Poor Funns and his family were not yet rescued from their little island; and the boat was declared to be too small and weak for so desperate a voyage. It was therefore determined to row to a spot where a larger boat was moored. To effect this, they were compelled to act precisely as they had done in proceeding to rescue the Kerrs. But unfortunately, on entering the third stream, they permitted the boat to glide down with it, in the hope that it would carry them in safety through the gate of the field, and across the road into that beyond it. In this, however, they were mistaken, and the boat was swamped. Fortunately for them, they were carried into smooth water, and by wading shoulder deep they reached the large boat.
Having secured the small boat, they attempted to drag the large one through the gateway against the stream; but it soon filled with water and
swamped, and, in spite of all their exertions, they found it impossible to get it up. The small boat was now all they had to trust to, and this was next caught by the strong stream and overwhelmed in a moment; and had not the men, most providentially, caught and clung to a haycock that happened to be floating past, they must have been lost. They were carried along till it stuck on some young alder trees, when each of them grasped a bough, and the haycock sailed away, leaving them among the weak and brittle branches. They had been here about two hours, when one of the men being unable to hold on longer by the boughs, let himself gently down into the water with the hope of finding bottom; when, to his surprise, he found that the small boat had actually drifted to the root of the very tree to which they had been carried. Some salmon nets and ropes had also, by the strangest accident, been lodged there. The man contrived to pull up one of these with his foot, and making a noose, and slipping it on his great toe, he descended once more, and managed to fix the rope round the stern of the boat, which was then safely hauled up, the oars, being fixed to the side, being also saved. The boat was returned to Mr.

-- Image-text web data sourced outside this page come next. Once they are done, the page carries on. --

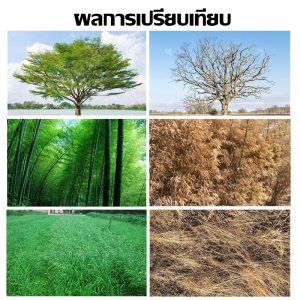 หยดเดียวรากต้นไม้ร้อยปีเน่า ยาฆ่าต้นไม้ใหญ 2024 เข้มข้นมาก1ขวดเทากับ 20ขวด ยาฆ่าตอไม้ใหญ่ ยาฆ่าตอต้นไม้ สูตรปรับปรุงใหม่ผลกำจัดต้นไม้เพิ่ม50เทา ยากำจัดต้นไม้ ยากำจัดต้นไม้ใหญ่ สามารถฆ่าต้นไม้และหญ้าไผ่ได้ทุกชนิด ไม่ทำร้ายดิน ยาฆ่า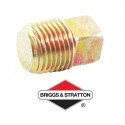 Bouchon BRIGGS & STRATTON - 794903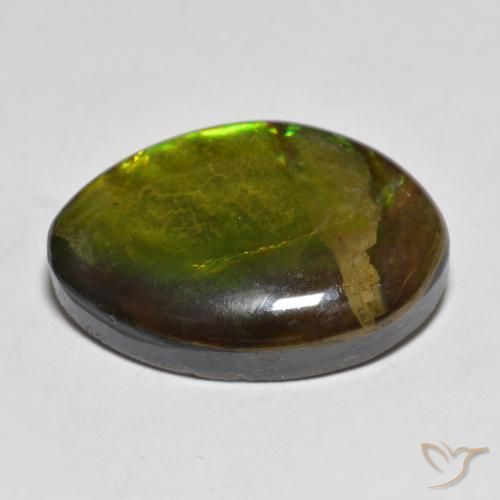 amolita Multicolor natural de 11.56 ct, Elegante, Opaco
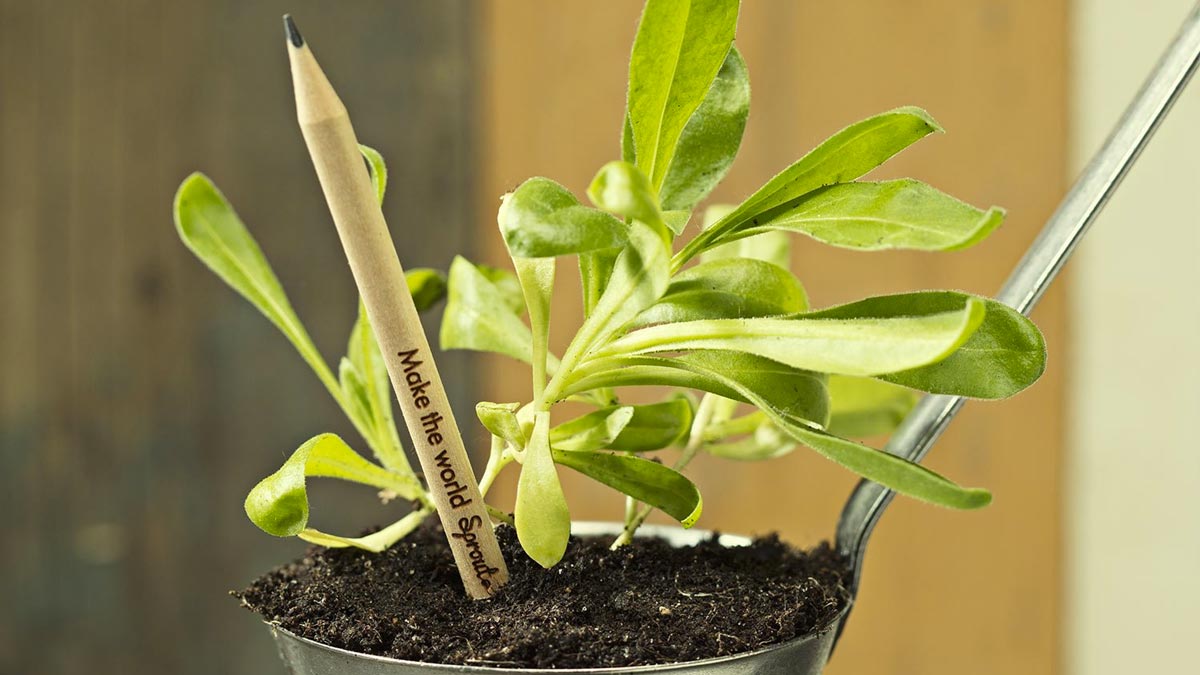 Sprout Plantable Graphite Pencils Sprout Plantable Graphite Pencils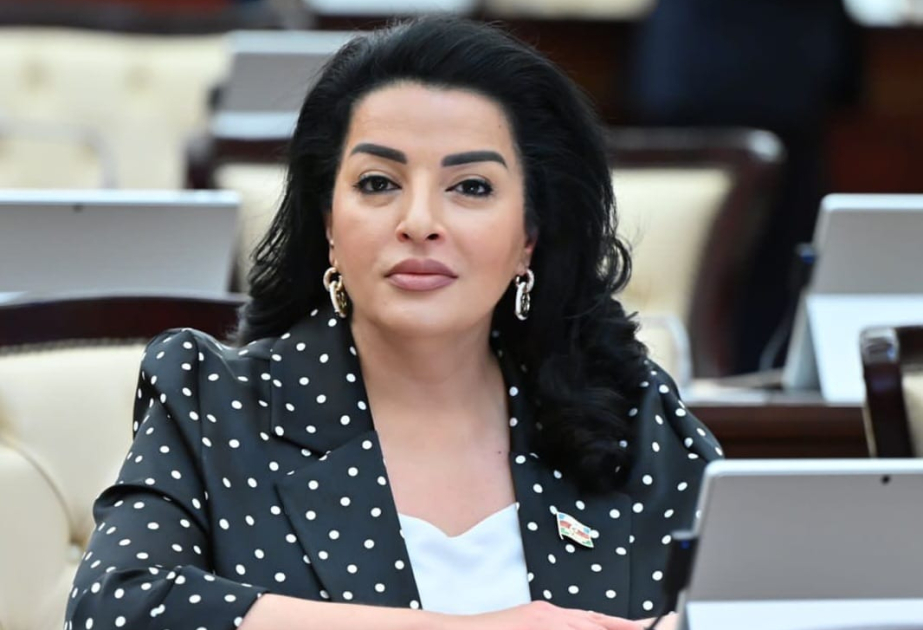 Dövlət başçısının səsləndirdiyi fikirlər bir daha göstərir ki, Azərbaycan artıq Cənubi Qafqaz regionunda aparıcı güc mərkəzinə çevrilib -  ŞƏRH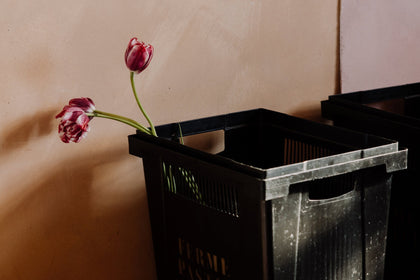 Two pink tulips leaning out of a black crate labeled 'Ferme Pastel', set against a soft peach-colored wall in a softly lit interior.
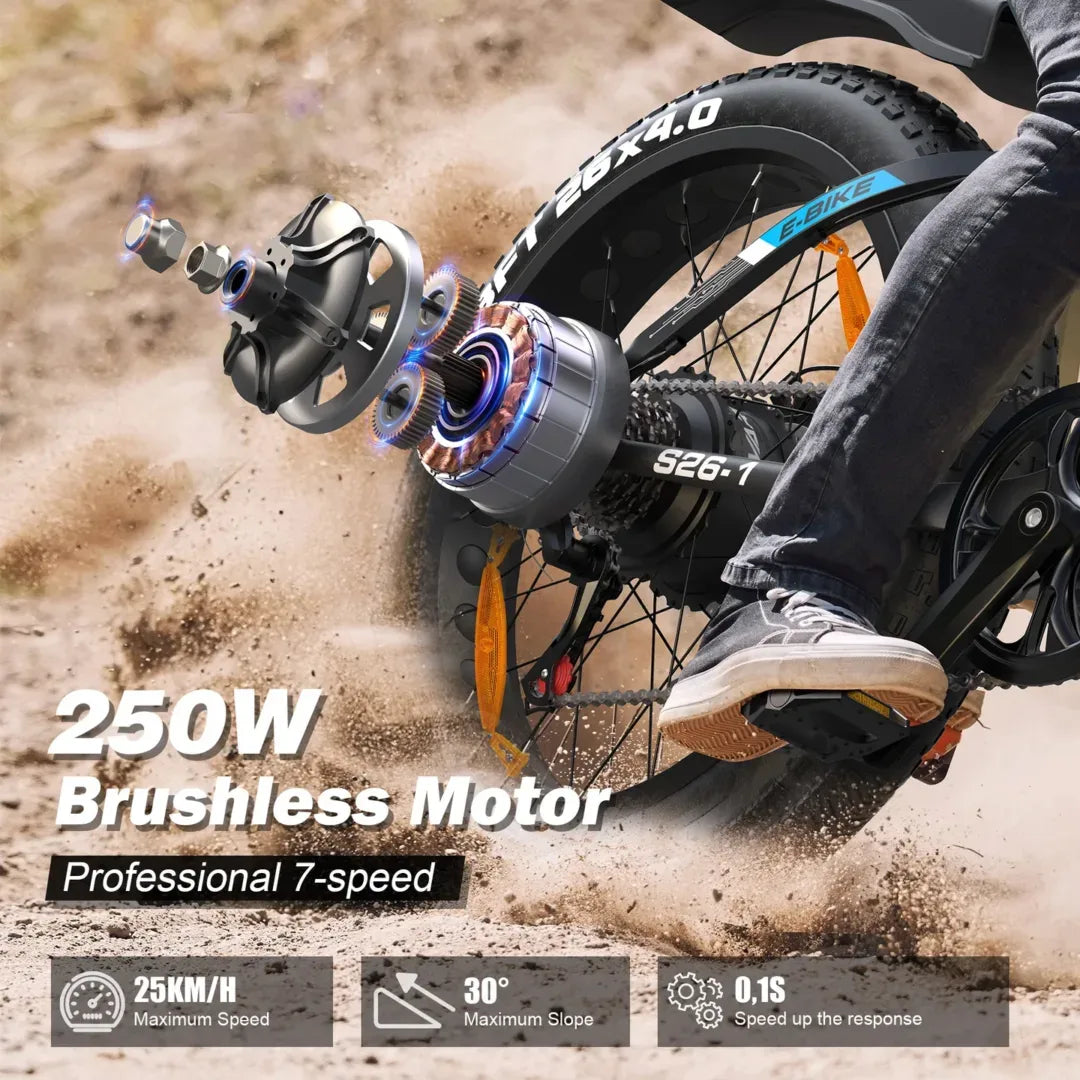 VARF2611 Mountain E-Bike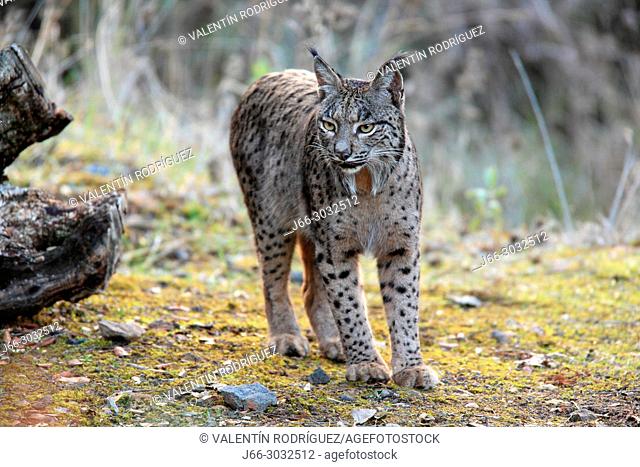 Iberian lynx (Lynx pardinus) in Sierra Morena. Andalucía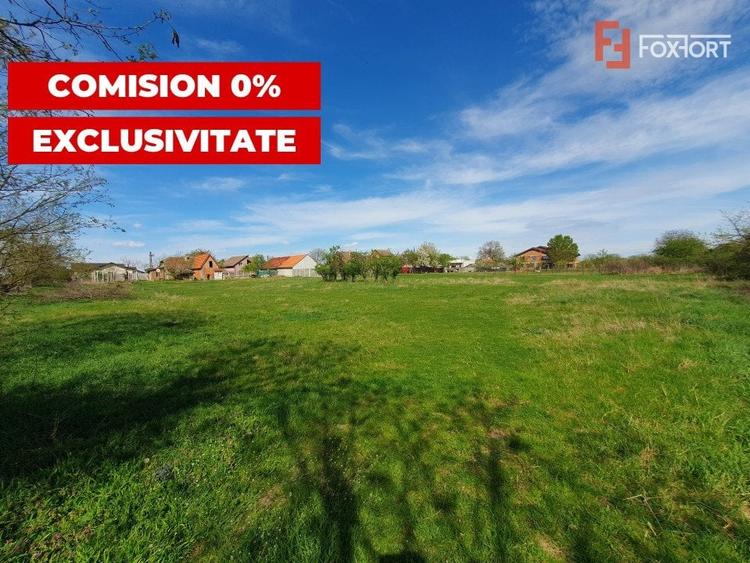 Teren Construcții intravilan de 3000 mp, în Pădureni (Jebel)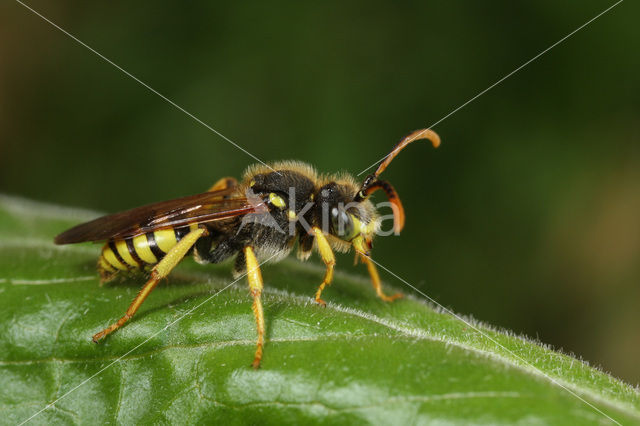 Wasp-bee (Nomada succincta)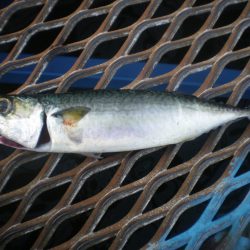 オリジナルメーカー海づり公園(市原市海づり施設) 釣果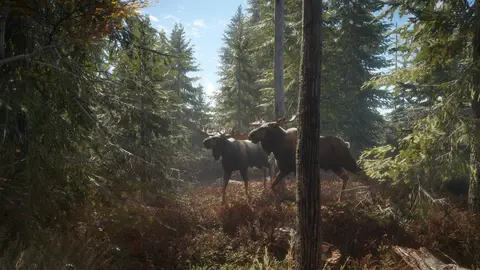 theHunter: Call of the Wild screenshot 1 of 4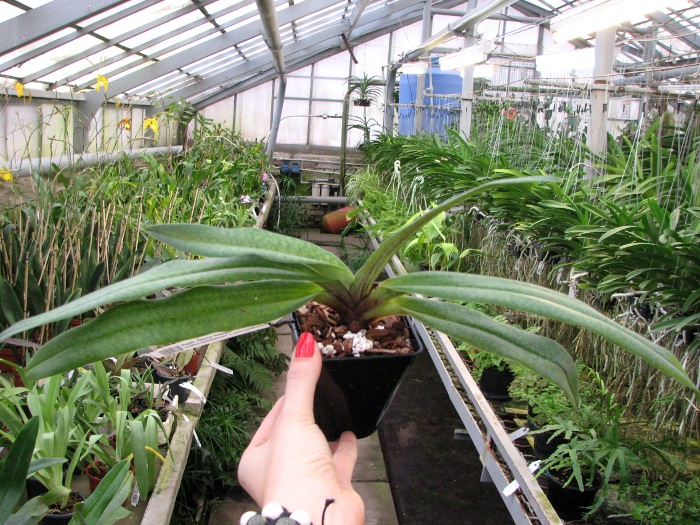 Paphiopedilum Gloria Naugle (rothschildianum x micranthum).JPG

Suter’s and fresh manned, when it proceeded to a house occupied by a family of the name of Cumin, consisting of an old couple, their daughter, and grandson. By the time they reached the cottage, its western side was entirely gone, and the boat was pushed in at the gap. Not a sound was heard within, and they suspected that all were drowned; but, on looking through a hole in a
partition, they discovered the unhappy inmates roosted, like fowls, on the beams of the roof. They were, one by one, transferred safely to the boat, half dead with cold; and melancholy to relate, the old man’s mind, being too much enfeebled to withstand the agonizing apprehensions he had suffered, was now utterly deranged.
The poor Funns’ were still the last to be relieved. They and their cattle were clustered on their little speck of land; and the poor quadrupeds, being chilled by standing so long in the water, were continually pressing inwards on them. It was between six and seven o’clock, the weather was clearer, and the waters were subsiding. The task being the most difficult of all, none but the most skilful rowers were allowed to undertake it. One wide inundation stretched from Monro’s house to the tiny spot where Funns and his family were; and five tremendously tumultuous streams raged through it with elevated waves. The moment they dashed into the first of them they were whirled down for a great way; but having once got through it, they pulled up in the quieter water beyond, to prepare for the next; and in doing so, Sergeant Grant stood in the prow, and with a long
rope, the end of which was fixed to the boat, and wherever he thought he had footing, he sprang out and dragged them up. The rest followed his example, and in this way they were enabled to start afresh with a sufficient advantage, and they crossed all the outer streams in the same manner. The last they encountered, being towards the middle of the flood, was fearful, and carried them very far down. But Funns himself, overjoyed to behold them, waded towards them, and gave them his best help to drag up the boat again. Glad was he to see his wife and children safely set in the boat. The perils of their return were not few; but they were at length happily landed.
These examples will suffice to show the nature and extent of the great floods of Moray. The inundation covered a space of something more than twenty miles in the Plain of Forres, and, as it was expressively remarked by one of the sufferers, “Before these floods was the Garden of Eden and behind them a desolate wilderness.” And how often did the beautiful expression of the Psalmist occur to them: “The floods have lifted up, O Lord, the floods have lifted up their voice; the floods lift up their waves. The Lord on high is mightier
than the noise of many waters; yea, than the mighty waves of the sea.” Ps. xciii. 3, 4.